## Brief:
From the records below, please print only the lines from the one containing "Ящик декоративний дерев'яний" through the one containing "Case Samsung Galaxy", both included. Skip the pictures.

## Record set:
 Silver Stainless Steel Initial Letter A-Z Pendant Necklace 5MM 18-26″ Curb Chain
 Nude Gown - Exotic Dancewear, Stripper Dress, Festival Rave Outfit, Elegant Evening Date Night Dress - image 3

* * *

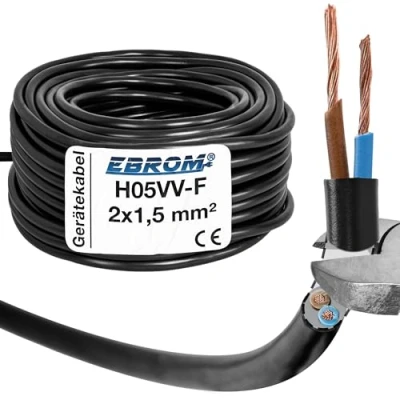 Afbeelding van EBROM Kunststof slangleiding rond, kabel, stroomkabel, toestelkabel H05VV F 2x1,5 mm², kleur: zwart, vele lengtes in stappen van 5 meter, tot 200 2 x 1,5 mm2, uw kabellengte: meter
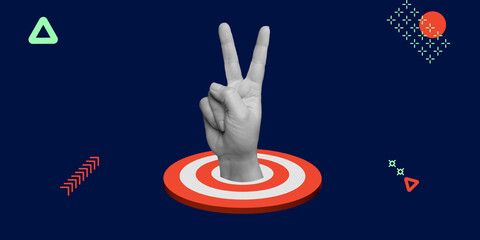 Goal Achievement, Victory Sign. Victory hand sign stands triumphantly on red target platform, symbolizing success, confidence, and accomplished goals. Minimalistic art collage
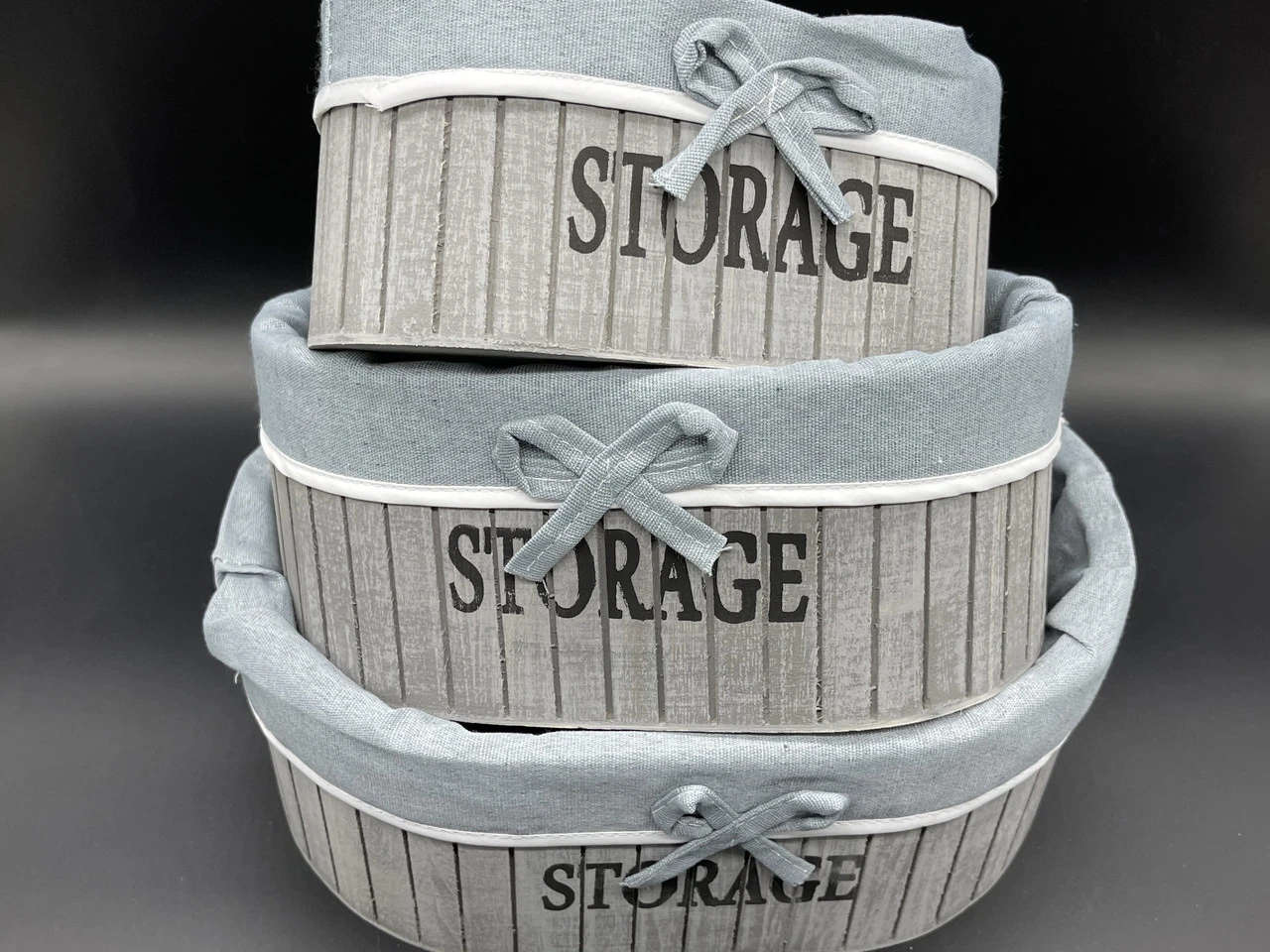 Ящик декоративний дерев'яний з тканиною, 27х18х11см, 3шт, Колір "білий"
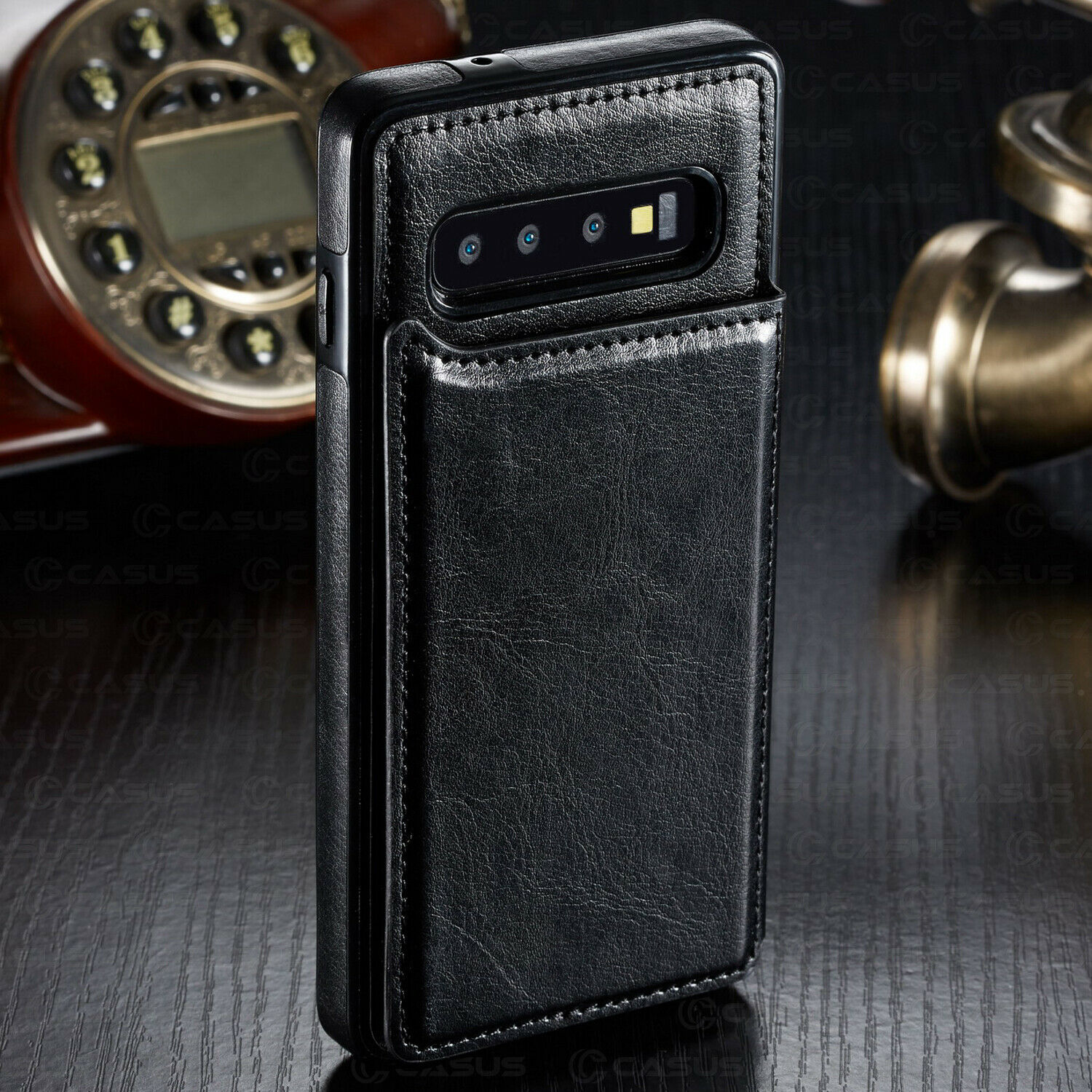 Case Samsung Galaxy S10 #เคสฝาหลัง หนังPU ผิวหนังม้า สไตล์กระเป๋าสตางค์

## Solution for this task:
 Ящик декоративний дерев'яний з тканиною, 27х18х11см, 3шт, Колір "білий"
 Case Samsung Galaxy S10 #เคสฝาหลัง หนังPU ผิวหนังม้า สไตล์กระเป๋าสตางค์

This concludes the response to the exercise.